Secondo una recente analisi che incrocia le stime nazionali sui flussi transfrontalieri con i dati demografici e i fattori socio-economici territoriali, si calcola che siano circa 19mila i cittadini del Sud Italia che ogni anno scelgono di varcare i confini per sottoporsi a cure odontoiatriche a basso costo. Di questi, ben 6mila sono pazienti campani.
Mentre nel Nord Italia il flusso appare leggermente meno accentuato e si orienta prevalentemente verso la Croazia, per il Mezzogiorno, con Campania e Puglia in prima linea, la meta d'elezione per i pacchetti "tutto compreso" è l'Albania. Questa tendenza, alimentata da preventivi apparentemente imbattibili e promesse di risoluzioni rapide, impone oggi una seria riflessione strategica e deontologica all'intera classe medica odontoiatrica.
A richiamare l'attenzione sull'urgenza di questo tema è il Dr. Claudio Gammella, Vice Presidente della Commissione Albo Odontoiatri di Napoli, formatore e autore di libri. “L'obiettivo - afferma Gammella - non è demonizzare il paziente che, spesso condizionato da reali difficoltà economiche familiari, cerca terapie più accessibili. Il punto focale risiede nell'impossibilità di ridurre l'odontoiatria a una mera competizione commerciale sul prezzo”.
L'odontoiatria è una branca complessa della medicina che si fonda su diagnosi accurate, impiego di materiali certificati, adozione di tecnologie avanzate, competenze specialistiche e sul rispetto rigoroso dei tempi biologici di guarigione, oltre che su un monitoraggio costante nel tempo.
Quando l'intera prestazione viene schiacciata sulla ricerca del costo più basso, il rischio concreto è che a pagare il prezzo più alto sia la qualità stessa della cura.
Davanti alla pressione del turismo low cost, la risposta dei professionisti italiani, e in particolare di quelli campani, non può e non deve identificarsi con una riduzione indiscriminata delle tariffe. Una simile rincorsa al ribasso genererebbe un impatto pesantemente negativo sulla qualità dei trattamenti, sulla sicurezza dei pazienti e sulla sostenibilità economica degli stessi studi odontoiatrici.
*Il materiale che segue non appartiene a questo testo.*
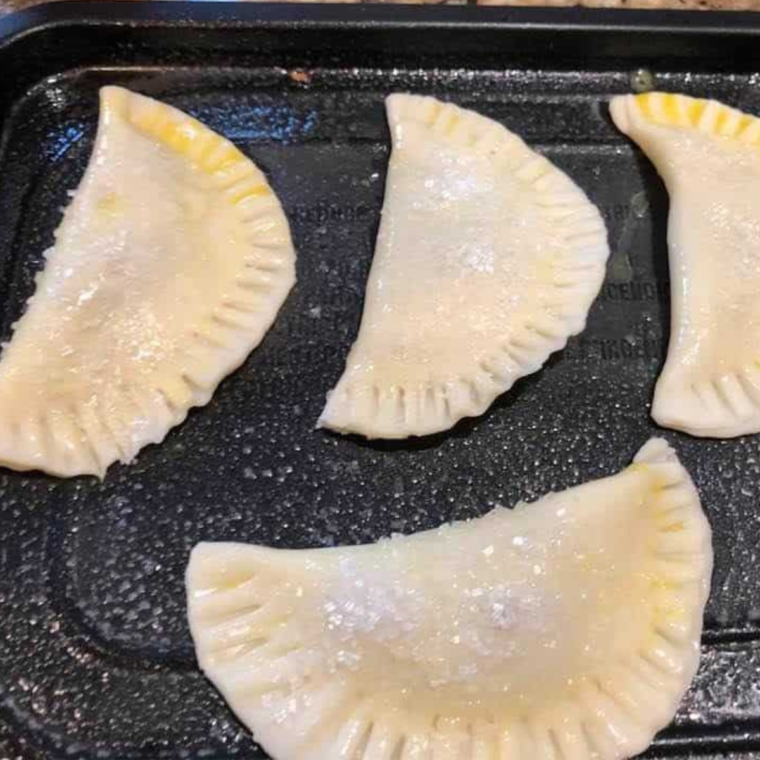 Placing the filled hand pies in the air fryer basket before cooking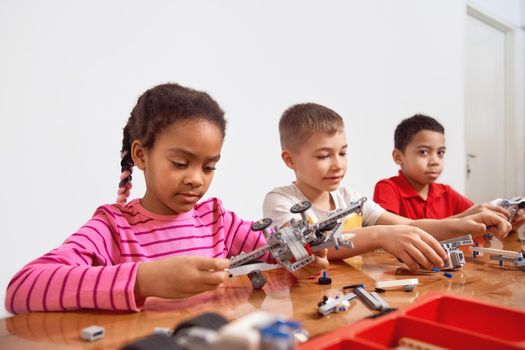 Side view of building kit with colorful peices in box for group of three multiracial kids creating toys, having positive emotions and joy. Close up of interested friends working on project.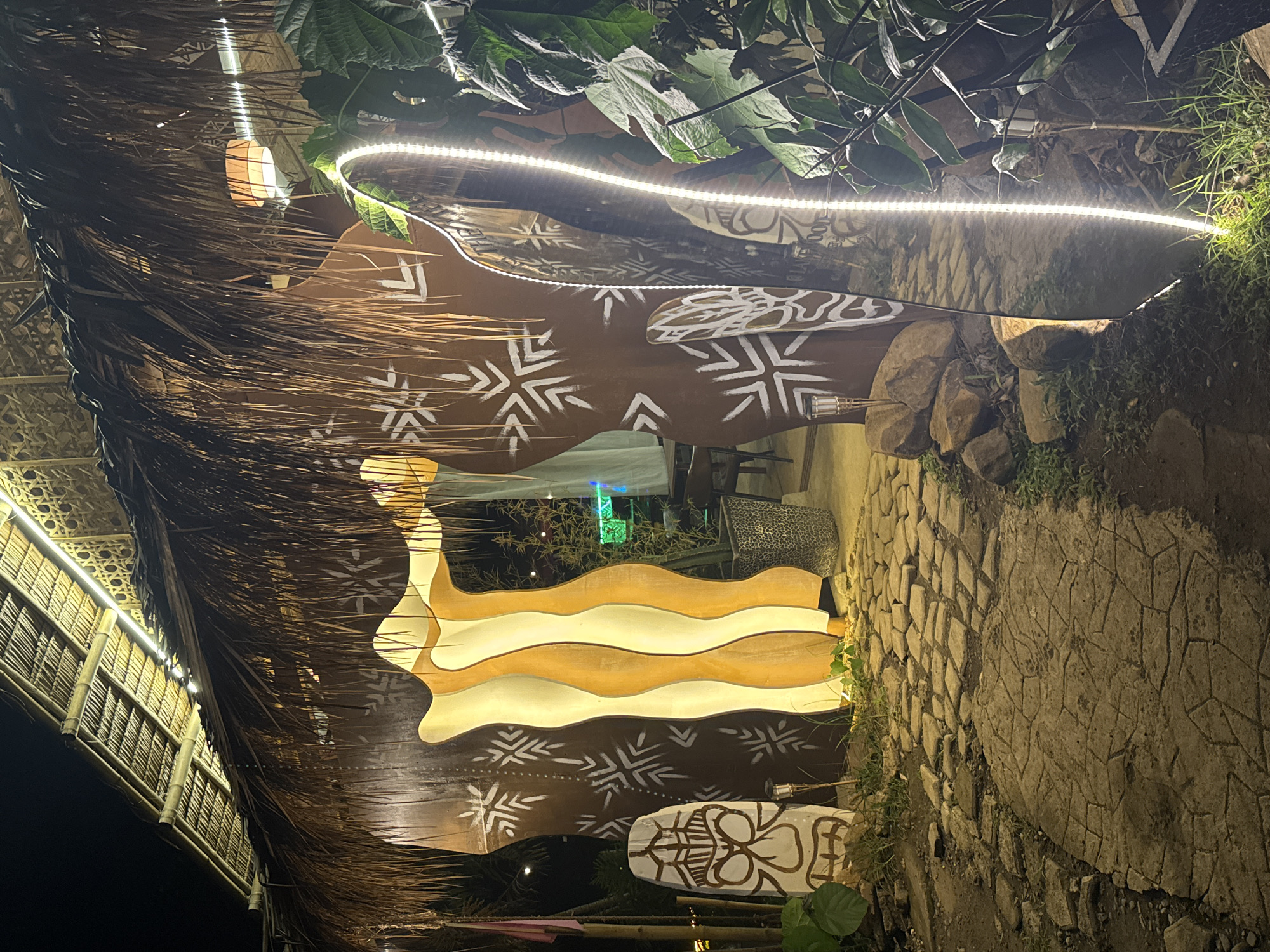 This photograph, taken at night in Davao City, Philippines, shows a structure with a thatched roof on the left, partially obscuring the sky. The roof is decorated with white geometric patterns and what appears to be a white painted tiki mask. A string of white LED lights runs along the edge of the roof. To the right of the thatched structure is a wall with wavy, tan-colored panels. Beyond the wall, glimpses of the interior reveal a chair with a leopard print cushion and green plants. The right side of the image shows a stone pathway or wall overgrown with grass and other vegetation. A bamboo structure is visible on the left.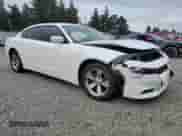 2018 Dodge Charger SXT Plus with VIN 2C3CDXHGXJH176339, listed as a Copart auction lot 82570735 with 74,483 mi miles and Salvage title. Bid and sale history available at DreamBid. Image 4.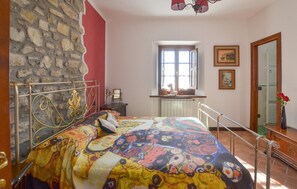 Quarto com parede de pedra, cama com colcha colorida, janela com vista e radiador.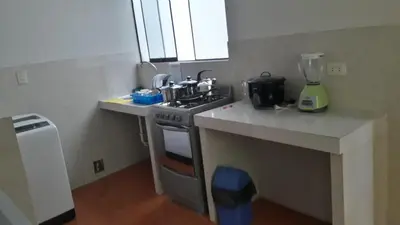 a kitchen with a stove and a counter top at Hermoso departamento en chorrillos in Lima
La reale contromisura a disposizione del professionista consiste nell'elevare la capacità di comunicare il valore intrinseco della cura, rendendo i piani terapeutici perfettamente trasparenti e accompagnando il paziente in un percorso di piena comprensione di ciò che si cela dietro la formulazione di un preventivo.
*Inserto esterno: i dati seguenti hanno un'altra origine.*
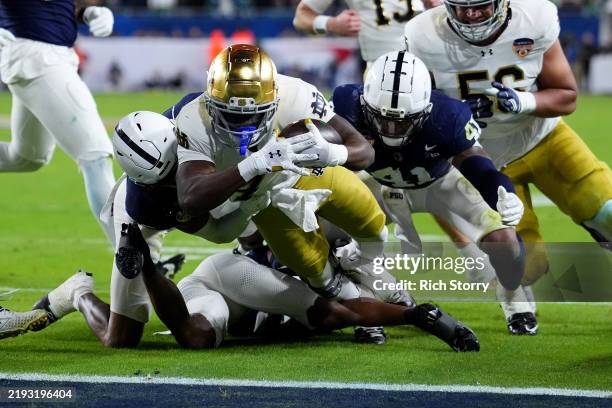 Jeremiyah Love of the Notre Dame Fighting Irish runs the ball for a touchdown during the fourth quarter against the Penn State Nittany Lions in the...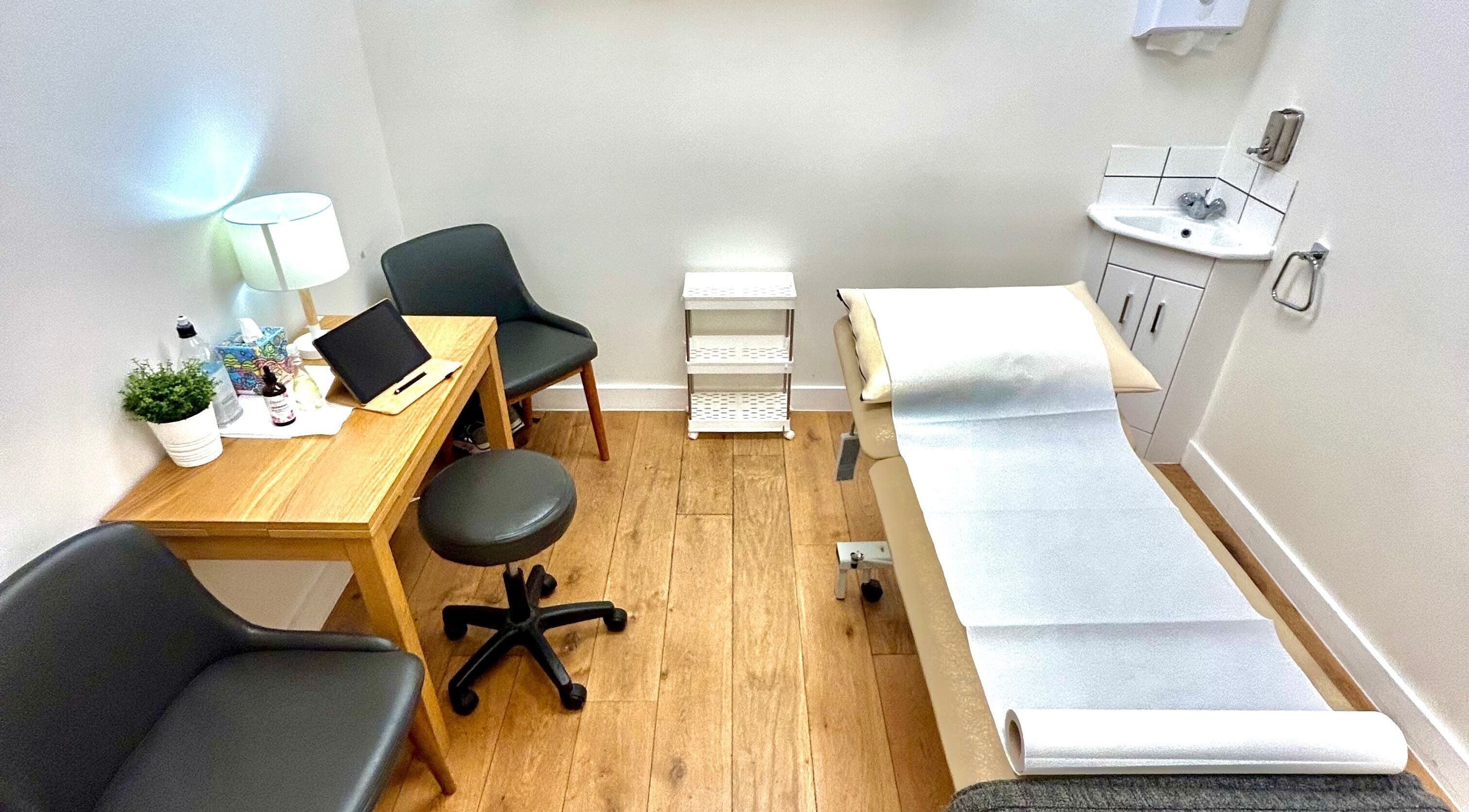 Cozy therapy room setup at Wellbeing Massage & Pain Relief in Monument, London, England, GB.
Il problema originario è dunque di natura culturale e comunicativa. Spesso il paziente, dinanzi a piani di cura complessi, si limita a confrontare cifre nude e crude poiché non possiede gli strumenti idonei per valutare le voci che compongono quel dato economico, quali la tracciabilità e la qualità dei materiali, le garanzie, i protocolli di follow-up, la gestione delle complicanze e la continuità assistenziale garantita dal rapporto diretto con il medico.
La percezione del paziente è oggi fortemente influenzata da una comunicazione social poco chiara, che riduce percorsi clinici articolati a rapidi filmati o a un semplice numero scritto in fondo a un foglio. Quando il paziente viene invece guidato a comprendere le ragioni biologiche di ogni singolo passaggio e il valore dei presidi utilizzati, il preventivo cessa di essere un fattore di tensione e si trasforma in una scelta consapevole.
Da questa necessità di ridefinire la relazione nel momento più delicato del rapporto medico-paziente nasce la riflessione di Gammella, volta a scardinare il paradigma secondo cui l'obiezione nasce dal prezzo in sé, evidenziando come essa sia quasi sempre il sintomo di una fiducia non ancora consolidata. Il paziente di oggi non è alla ricerca di un'imposizione autoritaria, ma esige autorevolezza, ascolto e chiarezza.
La sicurezza delle cure e il futuro dell'odontoiatria non si costruiscono abbassando il prezzo della prestazione, ma alzando il livello della fiducia e costruendo scelte informate e condivise.